The Reserve Bank of India can give banks more flexibility to restructure distressed loans in a bid to steer funding towards cash-strapped infrastructure projects, Governor Raghuram Rajan said here on Tuesday.

Dr. Rajan, however, said the RBI would continue to ensure lenders flag and deal with problematic loans quickly, given the dangers to the financial system should banks engage in ‘ostrich-like’ behaviour of ‘hoping the problem will go away’.

Reviving investment and boosting infrastructure are two key objectives for Prime Minister Narendra Modi, who won elections in May promising to rekindle the faltering economy after two years of growth below 5 per cent.

A major factor slowing credit flows to infrastructure projects has been the amount of bad loans on banks’ books. Including restructured loans, stressed assets are estimated at Rs.6 lakh crore ($97 billion), or nearly a tenth of total loans.

“The RBI is exploring ways to allow banks more flexibility in restructuring,’’ Dr. Rajan said in a speech at the Institute of Rural Management here.

“This is a risk we are prepared to take if it allows more projects to be set on the track to recovery,’’ he said, without giving details of measures being explored.

Still, Dr. Rajan said the central bank would oppose any delay by banks to recognise bad loans.

About 45 per cent of stressed loans have already gone sour. The remainder is in the ‘restructured’ category, which means the loans have problems but banks only need to set aside minimal reserves.

From April next, new rules will abolish the ‘restructured’ category and prompt banks to chase customers for payment or set aside billions more reserves, once non-performing loans are recognised.

“The fundamental lesson of every situation of banking stress in recent years across the world is to recognise and flag the problem loans quickly and deal with them,’’ Dr. Rajan said.

“So, regulatory forbearance, which is a euphemism for regulators collaborating with banks to hide problems and push them into the future, is a bad idea.’’
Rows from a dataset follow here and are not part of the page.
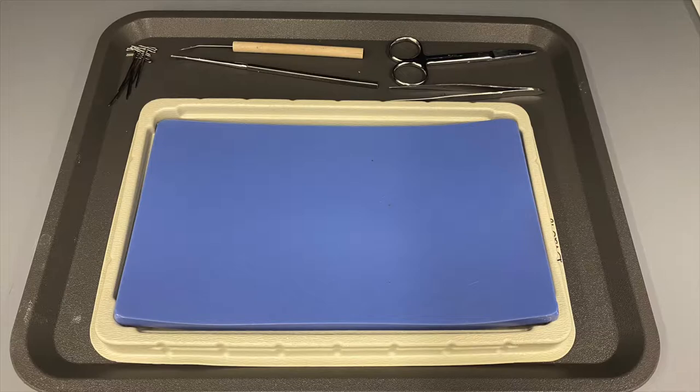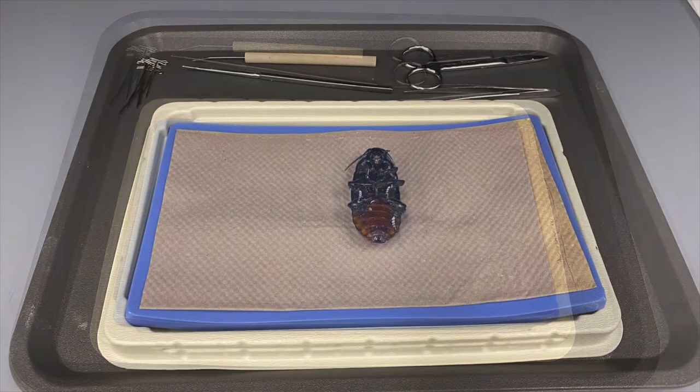The first step is to make sure you have gathered all of the necessary equipment. This includes your dissection dish, a pair of scissors, forceps, a probe, pins, and of course, a cockroach.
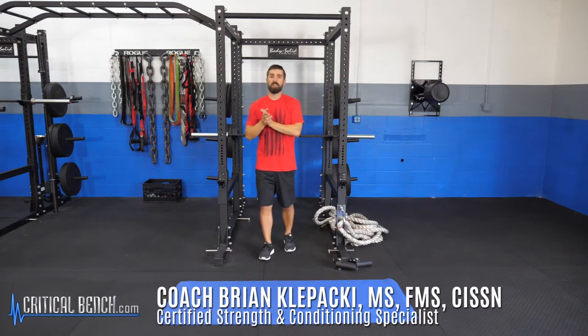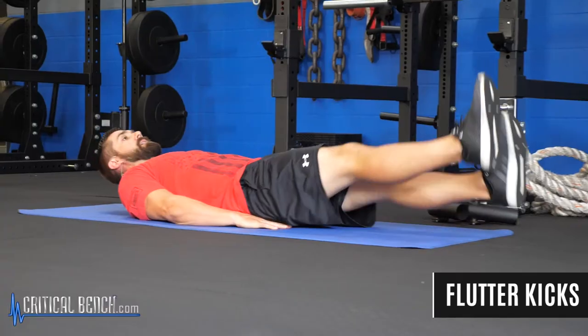Hey, what's up everybody? Coach Bryan, Certified Strength Coach, and I'm showing you how to do the hanging leg raise followed up with some flutter kicks.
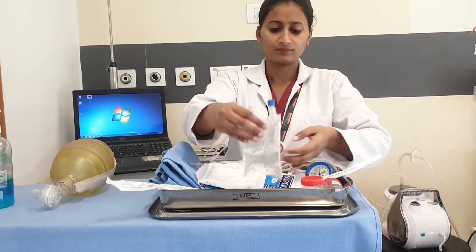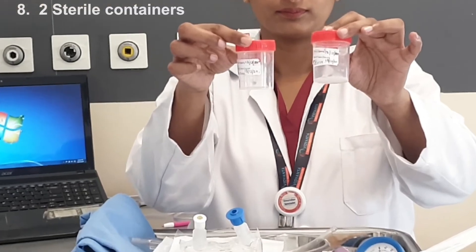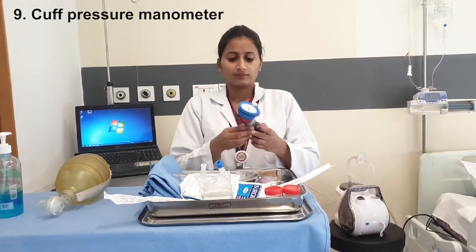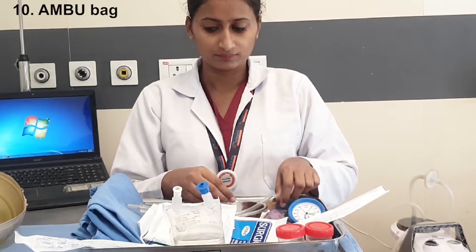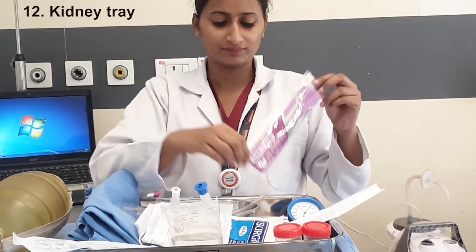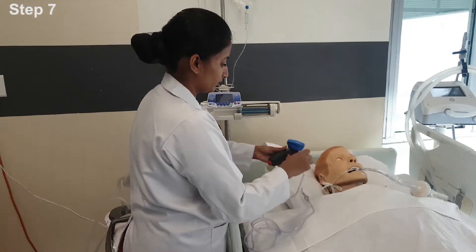Eighth: two sterile containers — one for ET flush and the other for oral flush. Label the containers with date of opening and date of discard. Ninth: cuff pressure manometer — check the cuff pressure. Tenth: ambu bag for pre-oxygenation. Eleventh: 20 ml syringe. Twelfth: kidney tray.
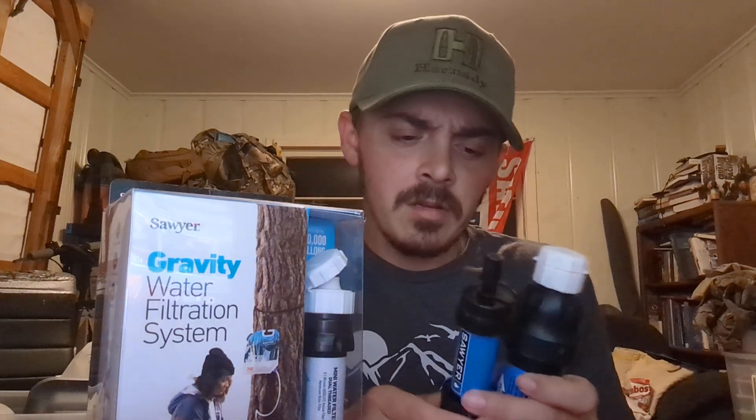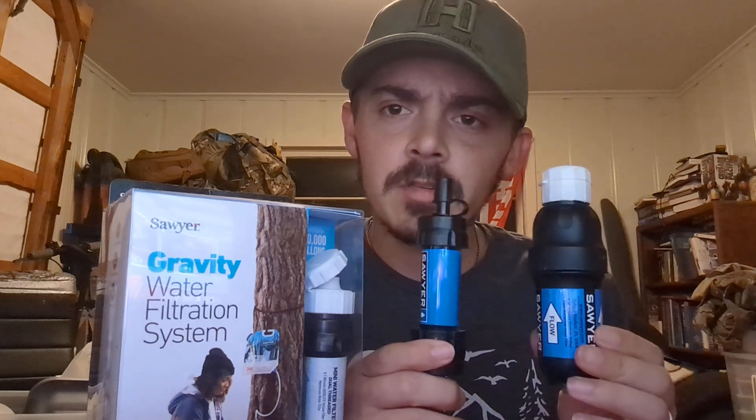Hey, what's up guys — Little Man of the Big Opinion here. In front of me I have three different Sawyer Mini products, and the point of this video is to talk about water purification: what you need to have, what you might need extras of, and just the general ideas of it.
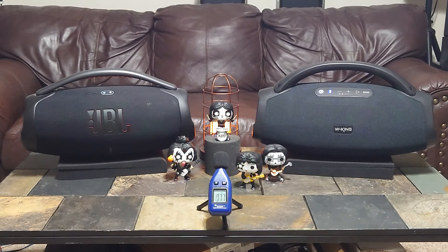That is 60%. The WKing at 60%. It may not quite be overall — the low end might not be quite there with the JBL — but it's really pretty darn good, all things considered with this speaker.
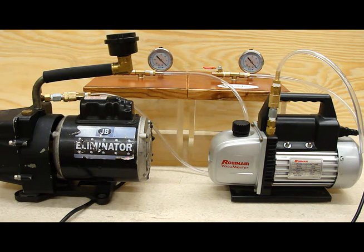Pump on the left is a JB Eliminator 6 CFM pump. Pump on the right is a Robin Air Vacuum Master 15310 single stage 3 CFM pump. Both are hooked to identical chambers using identical tubing with identical fittings and identical gauges.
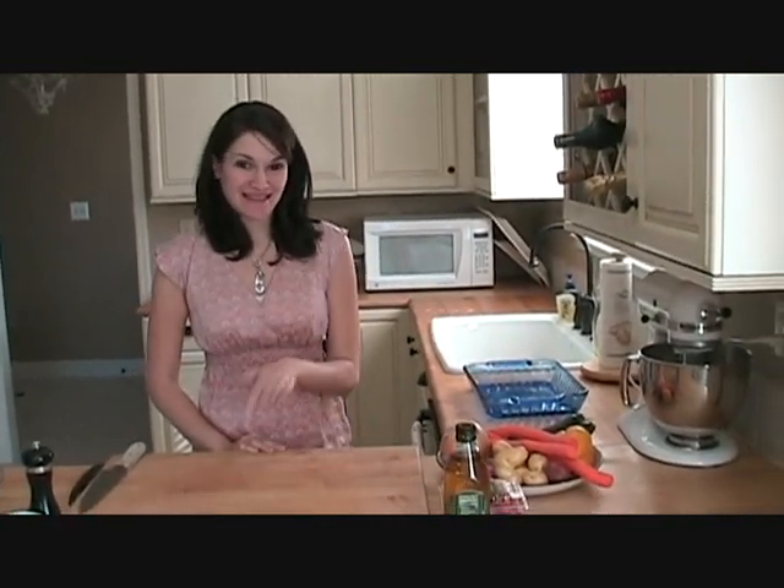Hi, I'm Christine. Welcome to my kitchen. Today I'm going to show you how to make my yummy roasted vegetables. My Uncle Jack just loves these vegetables so I'm going to make them and take them to him.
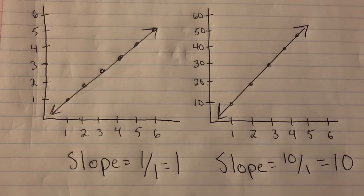Number three, do not let Loki fool you on these graphs. While they look the same, they are in fact quite different because of the scaling on the y-axis. The slope of one line is one and the other is 10.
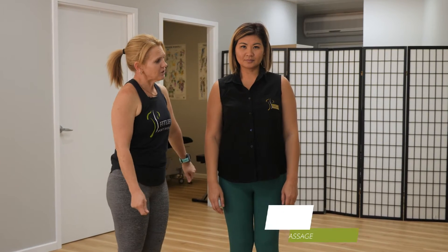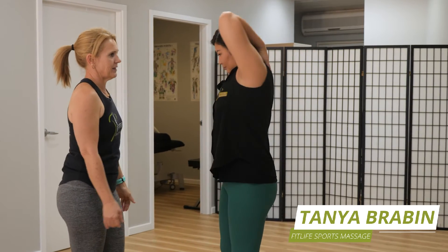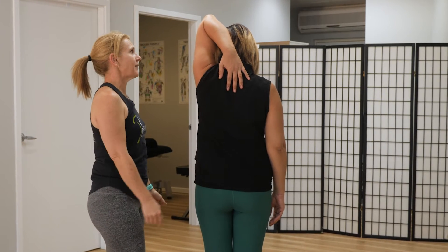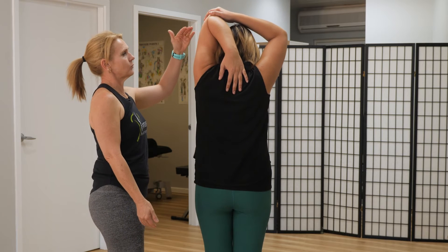Bo is going to demonstrate a tricep stretch. Lifting your arm up, Bo, and placing your hand behind your back — turn around so you can see. You're aiming to push your hand down between your shoulder blades. Use your other hand and rest it on your elbow, then gently pull your hand back.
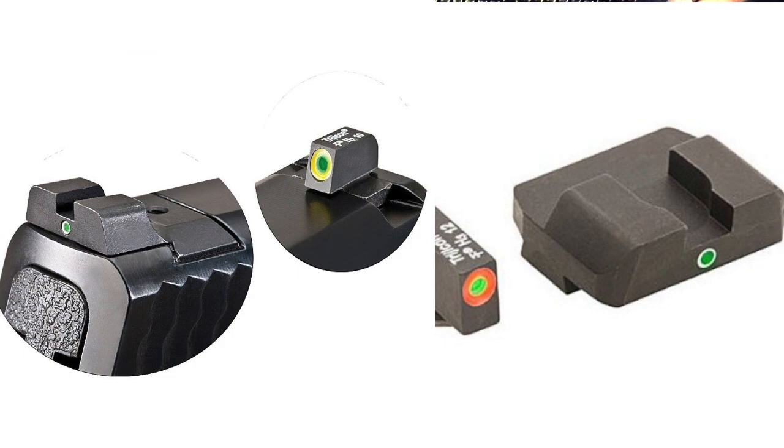One difference you're going to note between the M&P, which you've seen throughout the video, and the Glocks, is that the Glock rear sight has a little bit more of a ledge for one-handed manipulation. On M&Ps that upward sweep is capable of one-handed manipulations but it's not quite as aggressive as some folks would like. Other folks will prefer that because it's more snag-free.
Dr. Rajan also warned of the negative consequences of borrowers defaulting without suffering a financial hit as this raised the cost of loans across the financial system — reiterating his previous comments.

Dr. Rajan estimated that power loans were three percentage points more expensive than home loans due to banks’ concerns about recovering debts from these types of borrowers.

The central bank tightened rules against these defaulters in September.

‘Riskless capitalism’ Accusing some large borrowers of enjoying ‘riskless capitalism’, Dr. Rajan said such entities were responsible for making banks’ credit profile unhealthy and these big clients were in effect becoming ‘freeloaders’ in the banking system.

Dr. Rajan also said it was the taxpayers and honest borrowers who end up paying the price for losses suffered by state-run banks due to bad loans given to a few big borrowers.

A large borrower, whose loan has turned bad, should not be “lionised as a captain of industry, but justly chastised as a freeloader on the hardworking people of this country,” the RBI Governor said. Asserting that he is not against risk-taking, Dr. Rajan said in cases of any stress, the promoter threatened to run an enterprise to the ground, asking the government, banks and regulators to make necessary concessions to keep it afloat. “We have to ask if our system of credit is healthy. Unfortunately, the answer is that it is not. The sanctity of the debt contract has been continuously eroded in recent years, not by the small borrower, but by the large borrower,” Dr. Rajan said. In scathing remarks on the misuse of the system by the large borrowers, Dr. Rajan said taxpayers and honest borrowers end up paying the price due to the excesses committed by large borrowers by way of losses to state-run banks and high pricing of loans.

“If the enterprise regains health, the promoter retains all the upside, forgetting the help he got from the government or the banks — after all, banks should be happy they got some of their money back!

“What I am warning against is the uneven sharing of risks and returns in enterprise, against all contractual norms established the world over — where promoters have a class of ‘super’ equity which retains all the upside in good times and very little of the downside in bad times,” Dr. Rajan said.

Dr. Rajan acknowledged that there was a growing restlessness in the society about such reckless behaviour of corporates.